Por fim, mesmo estando legitimada para figurar no pólo passivo da ação, o § 3º do art. 6º em questão autoriza a pessoa jurídica de direito público ou privado, cujo ato seja objeto de impugnação, a atuar diretamente ao lado do autor. Como forma de se proteger o interesse público e se responsabilizar os verdadeiros autores e culpados do ato lesivo praticado em nome do ente.
O Ministério Público é qualificado pela doutrina, na ação popular, como parte pública autônoma. O Parquet, embora não tenha legitimação para propor a ação enquanto órgão do Ministério Público (nada impedindo que o faça como simples cidadão), exerce uma função variada. Atua como custos legis e agente impulsionador da produção probatória e assume a titularidade da ação, sendo legitimado ativo subsidiário na hipótese de o legitimado ativo dela desistir ou de ser o processo extinto sem julgamento de mérito por inépcia da inicial ou por abandono do feito. Pode, ainda, o representante ministerial, atuar como exeqüente subsidiário ulterior, caso o autor popular, no prazo de 60 dias após o trânsito em julgado da decisão, não inicie a execução.
É de se criticar o fato de a legitimação ativa na ação popular aparecer deferida apenas ao cidadão e não, concorrentemente, a outros colegitimados, como se dá no regime da ação civil pública. Por que não conferir tal legitimação às associações de classe, por exemplo?
A constituição de 1988, progressista em muitos aspectos, apesar de haver ampliado a incidência da ação popular, manteve intacta a restrição das Cartas anteriores no tocante à precondição do autor da ação.

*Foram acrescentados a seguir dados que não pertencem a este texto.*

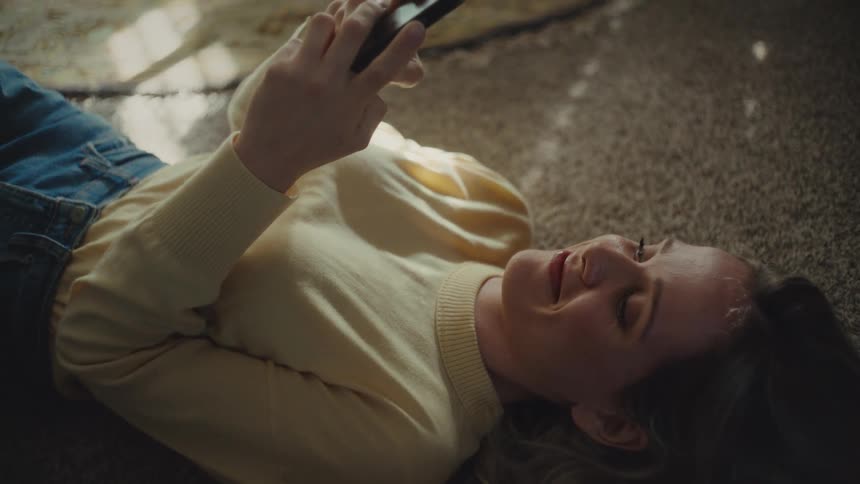 Young woman lying down on the floor texting on a smartphone and smiling indoors during day time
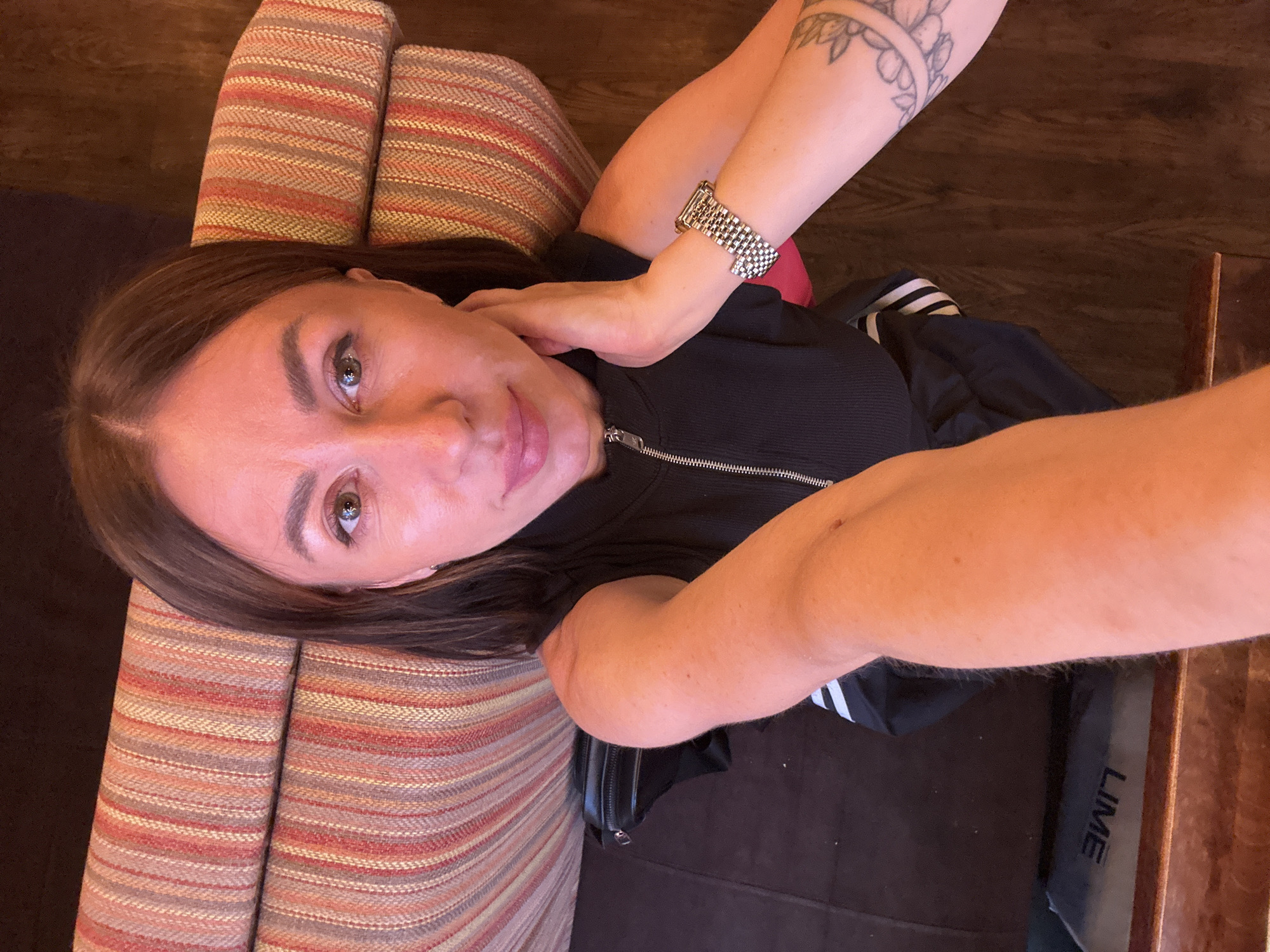 A female subject, with medium-brown hair and light makeup, is depicted in a high-angle selfie. She wears a black, short-sleeved top with a silver front zipper. A metallic wristwatch with a linked band adorns her left wrist, while a floral or decorative tattoo is visible on her right forearm. Her left hand is positioned against her neck/chin. She is seated on upholstery featuring vertical stripes in shades of red, orange, beige, and grey. To her left, a black fanny pack rests against the cushion. The flooring to her right is dark wood. An item on the floor, near her lower left, displays the word "LIME" in white capital letters, oriented upside down. The background consists of dark, indistinct surfaces. This scene is located in the city of Kazan, Russia.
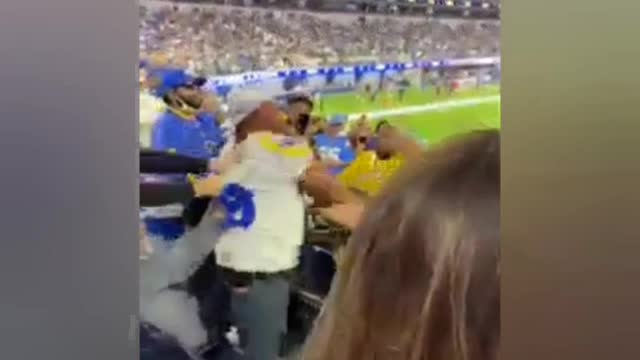 Sport Fans spank a man for getting out of control during the game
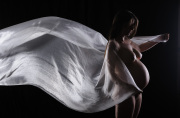 A stunning maternity portrait. A woman in her third trimester poses with a flowing white fabric, highlighting the beauty of pregnancy.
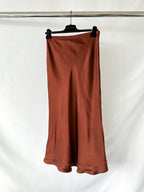 Brown skirt on a hanger against a white background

É preciso repensar o problema da legitimação pois, sabe-se, é difícil para o cidadão entrar em confronto com a Administração Pública.
2.1.2 Pedido
Na ação popular o pedido imediato será de natureza desconstitutiva-condenatória, ao passo que o pedido mediato será, essencialmente, a insubsistência do ato lesivo a interesses difusos, tais como o patrimônio público, o meio ambiente, a moralidade administrativa e o Estado ou sociedade civil enquanto consumidores.
Em decorrência da anulação do ato lesivo a tais interesses difusos, se pedirá a condenação dos responsáveis, e bem assim dos eventuais beneficiários do ato lesivo, ao ressarcimento devido. Trata-se de um pedido a um tempo constitutivo-negativo e condenatório, sendo também admissível o pedido cautelar para a hipótese de lesão virtual ou iminente, dispondo o art. 34 da Lei 6513, de 20 de dezembro de 1977, acrescentando um §4º ao art. 5º da Lei 4717/65, que “Na defesa do patrimônio público caberá a suspensão liminar do ato lesivo impugnado”.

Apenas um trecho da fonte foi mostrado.